**Work to complete:**
Set down the entries again word for word, without any of the images.

**Collected data:**

#####

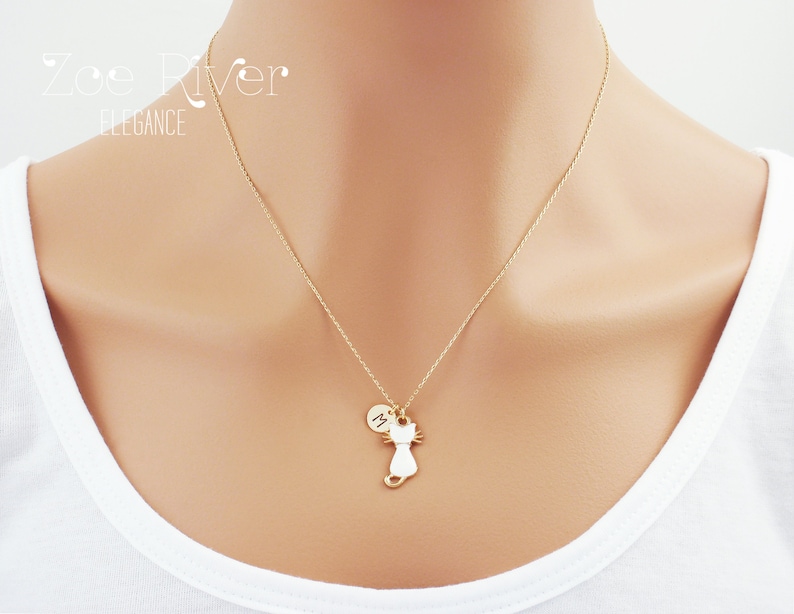 May include: A gold-colored necklace featuring a cat pendant with a small circular charm. The cat pendant is white with gold-colored details. The necklace is worn against a white shirt. The text "Zoe River Elegance" is in the upper left corner.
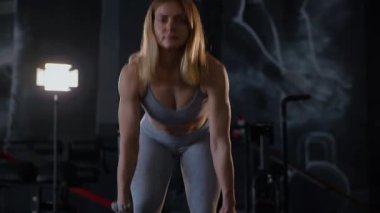Spor salonunda egzersiz yapan kaslı bir kadın. Atletizm antrenmanı. Güzel vücudunu ve vücut şeklini gösteren güçlü atletik kadın..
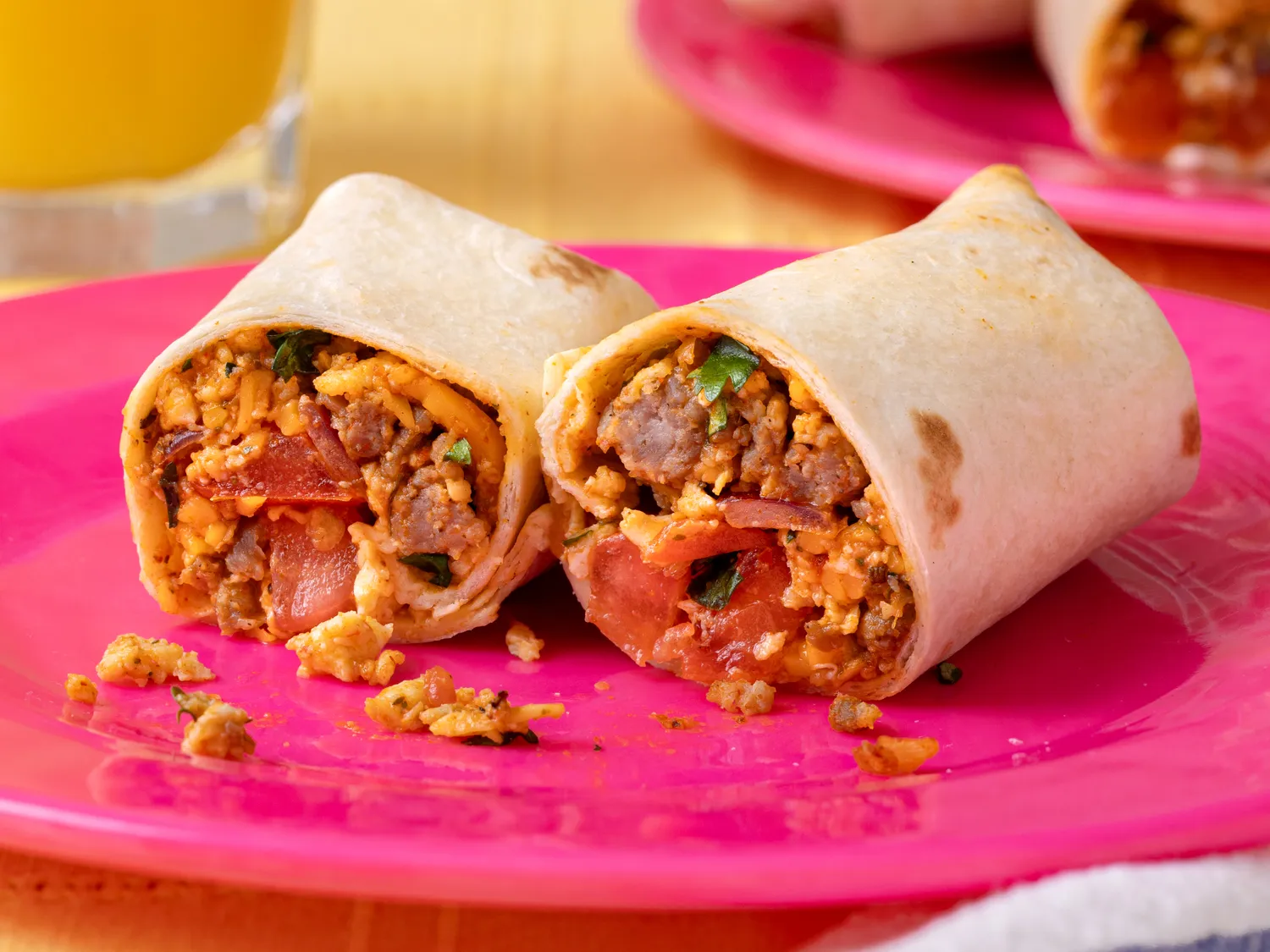 Breakfast burritos cut in half served on a pink plate with visible filling including scrambled eggs sausage and vegetables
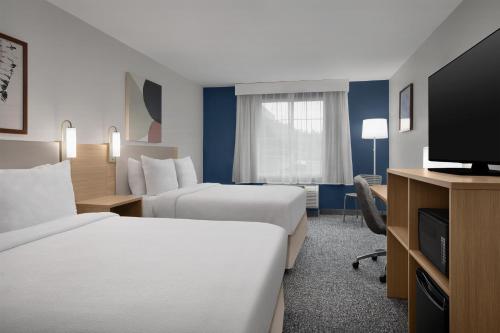 a hotel room with two beds and a flat screen tv at Spark by Hilton Washington Meadowlands Blvd in Washington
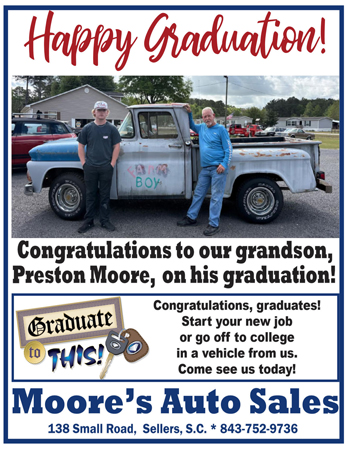 Two people stand in front of a vintage truck. Graduation congratulations to Preston Moore are displayed, with an ad for Moore’s Auto Sales beneath the message.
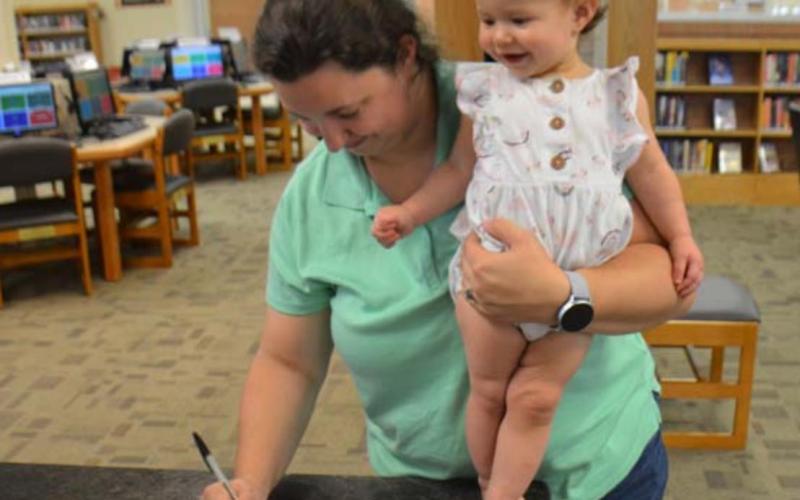 Nicole Baker of Lampasas signs up her 1-year-old daughter Millie on Tuesday at the Lampasas Public Library to participate in Dolly Parton’s Imagination Library program. MONIQUE BRAND | DISPATCH RECORD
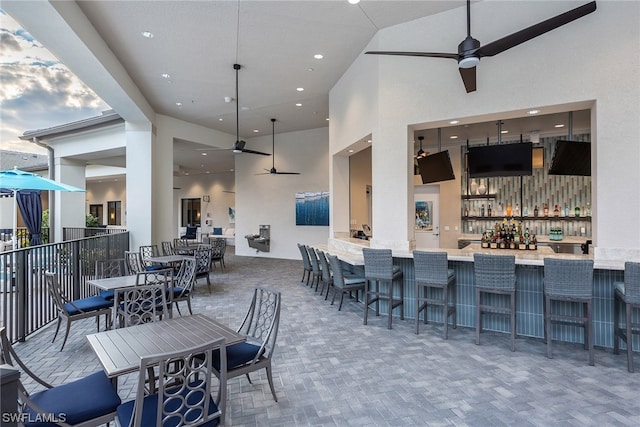 view of patio with outdoor dry bar, fence, and a ceiling fan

#####

**Answer space:**
 May include: A gold-colored necklace featuring a cat pendant with a small circular charm. The cat pendant is white with gold-colored details. The necklace is worn against a white shirt. The text "Zoe River Elegance" is in the upper left corner.
Spor salonunda egzersiz yapan kaslı bir kadın. Atletizm antrenmanı. Güzel vücudunu ve vücut şeklini gösteren güçlü atletik kadın..
 Breakfast burritos cut in half served on a pink plate with visible filling including scrambled eggs sausage and vegetables
 a hotel room with two beds and a flat screen tv at Spark by Hilton Washington Meadowlands Blvd in Washington
 Two people stand in front of a vintage truck. Graduation congratulations to Preston Moore are displayed, with an ad for Moore’s Auto Sales beneath the message.
 Nicole Baker of Lampasas signs up her 1-year-old daughter Millie on Tuesday at the Lampasas Public Library to participate in Dolly Parton’s Imagination Library program. MONIQUE BRAND | DISPATCH RECORD
 view of patio with outdoor dry bar, fence, and a ceiling fan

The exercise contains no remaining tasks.